• _TASK DIRECTIONS_:
Look below for the line containing "592 Kingfisher Circle Brick NJ 08723"; write out that line and each one after it to the end, exactly, and nothing else.

• _MATERIAL PROVIDED_:
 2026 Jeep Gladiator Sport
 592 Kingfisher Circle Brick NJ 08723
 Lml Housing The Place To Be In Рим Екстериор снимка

• _YOUR SOLUTION_:
 592 Kingfisher Circle Brick NJ 08723
 Lml Housing The Place To Be In Рим Екстериор снимка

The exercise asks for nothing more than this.